For efficiency, a sample of 2,500 observations was extracted from the dataset. The original target variable was continuous, representing salaries. It was transformed into a categorical variable, with salaries in the >= 75th percentile categorized as high.
- The target variable was converted from continuous to categorical, with the cutoff for high salaries set at the 75th percentile.
- A subset of 2,500 observations was sampled to enhance the efficiency of the analysis.
- Naive Bayes was chosen as the primary model for its simplicity and effectiveness in text classification tasks.
- Both Count Vectorizer and TF-IDF techniques were evaluated to determine their effectiveness in processing text data.
- Count Vectorizer was found to be more effective, leading to higher accuracy in the predictive model.
- Variations of Count Vectorizer, including changes in n-grams, max features, and document frequency thresholds, were tested but did not yield significant improvements.
- Lemmatization was also experimented with; however, adjustments to hyperparameters in the count vectorizer did not improve the model performance, nor did lemmatization.
- A logistic regression model, trained on text data processed by Count Vectorizer, identified words with the highest positive coefficients as indicators of high salaries.
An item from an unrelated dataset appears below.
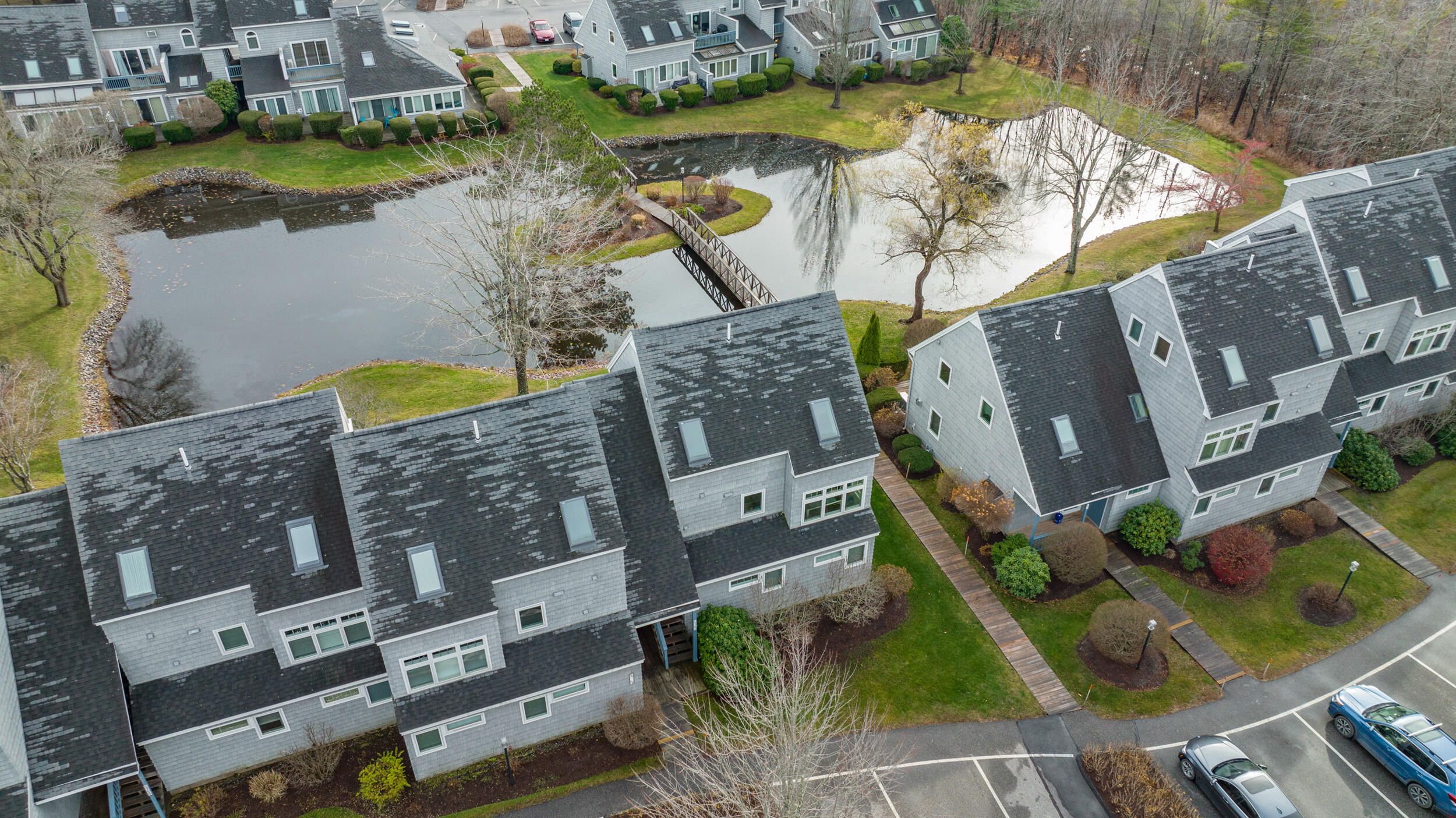 146 W Grand Avenue, 61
These words include: director, senior, leadership, dentist, consumer, player, reputation, lead, successfully, and image.
- Words with the lowest coefficients, suggesting a negative correlation with salary, were identified as indicators of low salaries. These words include: applicants, standard, basic, database, hours, depending, timely, selling, building, and stock.
This project demonstrates the application of Naive Bayes and logistic regression models to classify job descriptions into high and low salary categories based on the text of the job descriptions. Through careful feature engineering and model selection, it was possible to identify key words associated with each salary category, providing insights into the factors that may influence salary levels in job postings.